Reviewed by Karl Levett
Presented by the T. Schreiber Studio at the Gloria Maddox Theatre, T. Schreiber Studio, 151 W. 26 St., NYC, Jan. 24-Feb. 18.
Near the end of this unwieldy drama by Israel Horovitz, here being given its New York premiere, one of the younger characters says: "In the 21st century, there are no heroes!" Horovitz, who wrote those words, would hardly agree. The fishermen of Gloucester, Mass. are, for him, true heroes—men "who live bravely." "Barking Sharks" is only one of Horovitz's 12-play cycle about his beloved hometown. The title of the play comes from the name of a local 1970s rock band. The lives of the three band members, Eddie, Sara, and Ted, intertwine and form the stuff of the play. But the play's center is the grown-up Eddie Coilino (Bob Rogerson), who, after being successful for 25 years in marketing in New York, wants to return to Gloucester to seek a more authentic life. Uprooting his family, he moves back to Gloucester to be a fisherman, to find that, in his absence, the authenticity he seeks has ceased to exist.

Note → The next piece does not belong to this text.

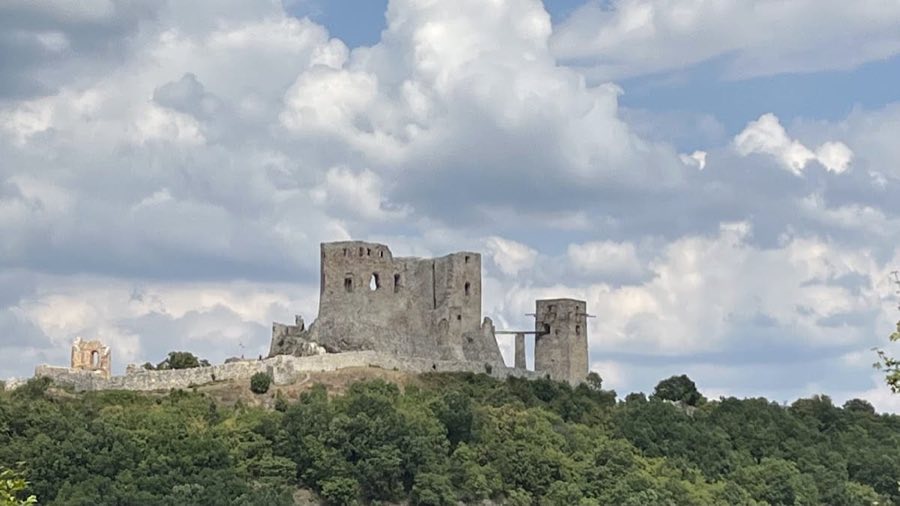 Castle of Csesznek image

Just like the fishermen he is writing about, Israel Horovitz is one of a dying breed. His brand of old-fashioned naturalism would no longer seem to be in vogue, but the virtues of naturalism are several: the telling of a story, attention to character, accumulation of detail. While some of these virtues are evident here, Horovitz piles too much on the plate. The focus on Eddie as a flawed hero is often lost in the distractions of untidy domestic drama. Such predictable literalness makes for an attenuated fisherman's tale of variable interest, and one definitely not for the limited attention span set.
Terry Schreiber directs all this with a sympathetic ear to the text. Rogerson carries the play in a performance that makes Eddie at all times reasonable—and better yet, believable. Jerry Rago's Ted adds to the play's authenticity, while the Sara of Mary Beth Kowalski-Twisdale provides emotional weight. Attractive support comes from Quinn Lemley, Alexandra Westmore, and a vibrant J.M. McDonough.